=== DATA FOR PROCESSING ===

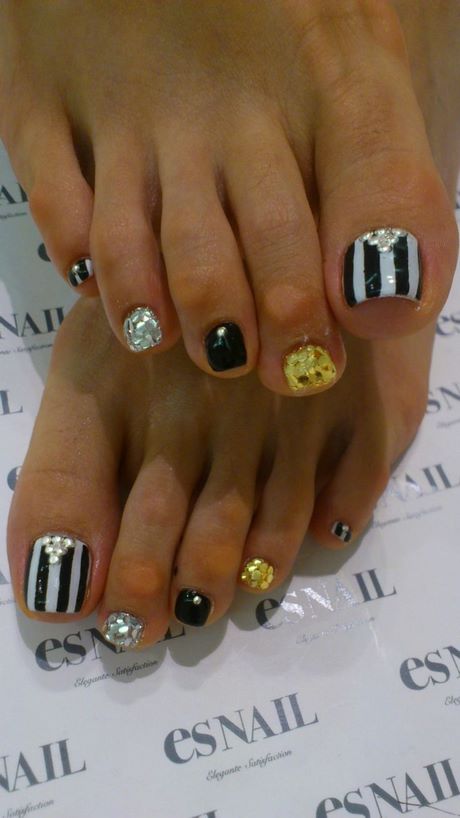 black-and-white-toe-nail-design-75_11 Design de unghii alb-negru
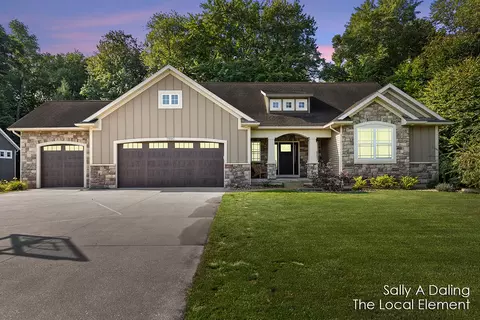 7890 Queenie Ct, Allendale, MI 49401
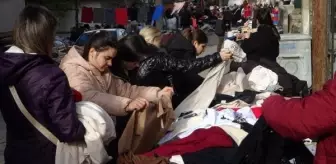 Keşan'da Sokak Hayvanları İçin Giyim Eşyaları Satılıyor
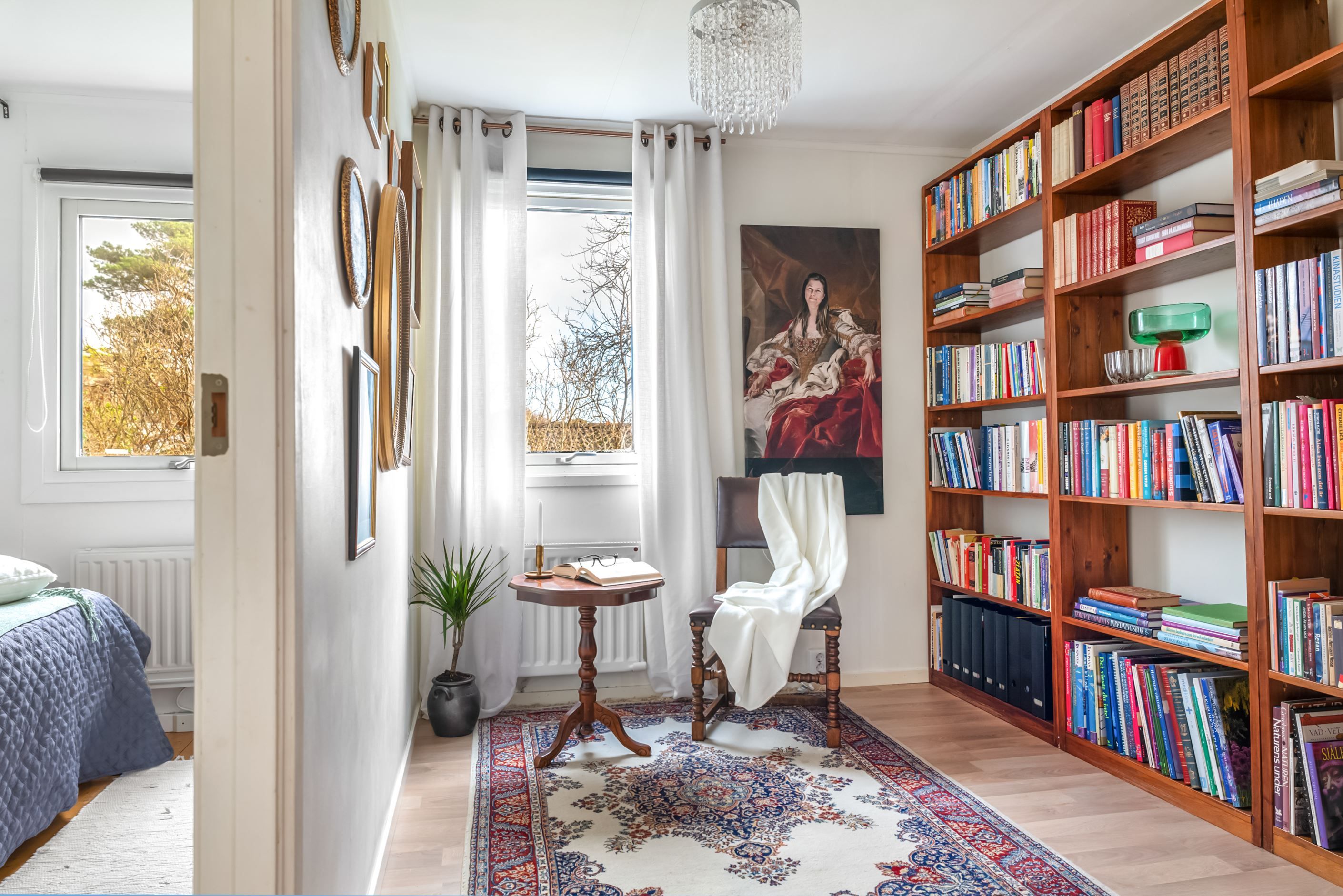 Sovrum två i stora huset.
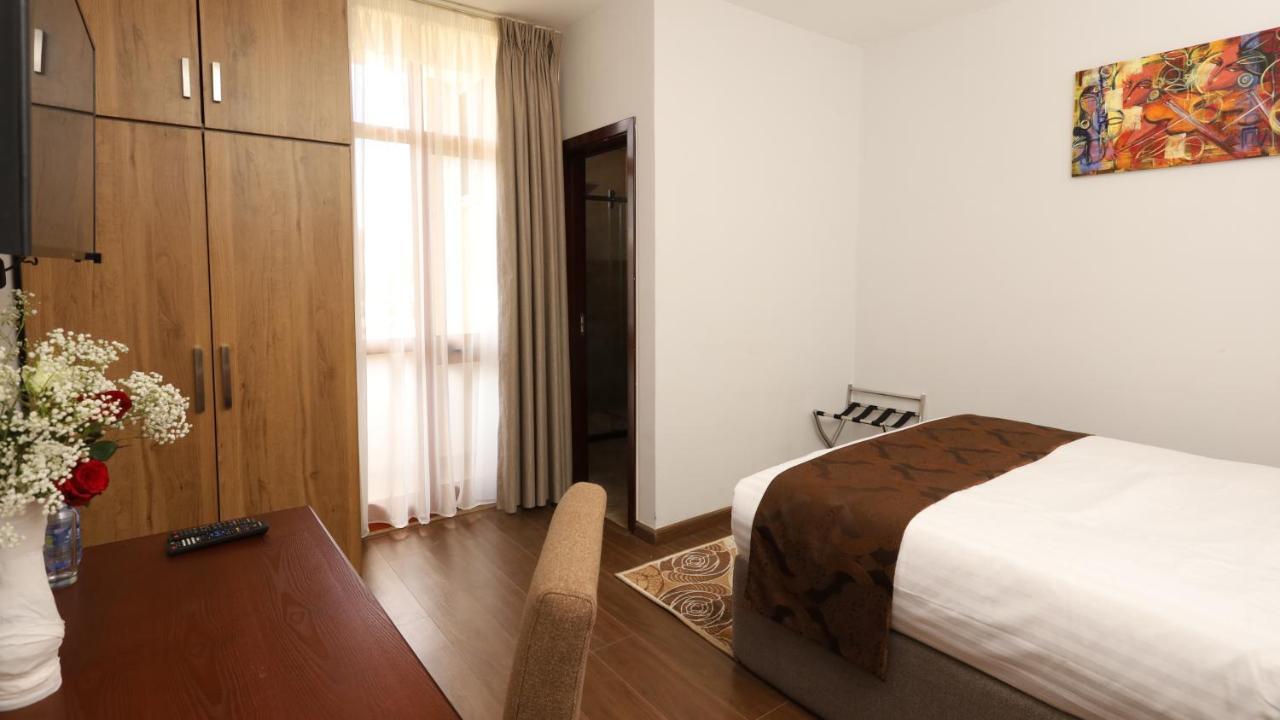 Black Horse Hotel Apartment Adís Abeba Exterior foto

===

Write each entry again exactly, minus any images.

 black-and-white-toe-nail-design-75_11 Design de unghii alb-negru
 7890 Queenie Ct, Allendale, MI 49401
 Keşan'da Sokak Hayvanları İçin Giyim Eşyaları Satılıyor
 Sovrum två i stora huset.
 Black Horse Hotel Apartment Adís Abeba Exterior foto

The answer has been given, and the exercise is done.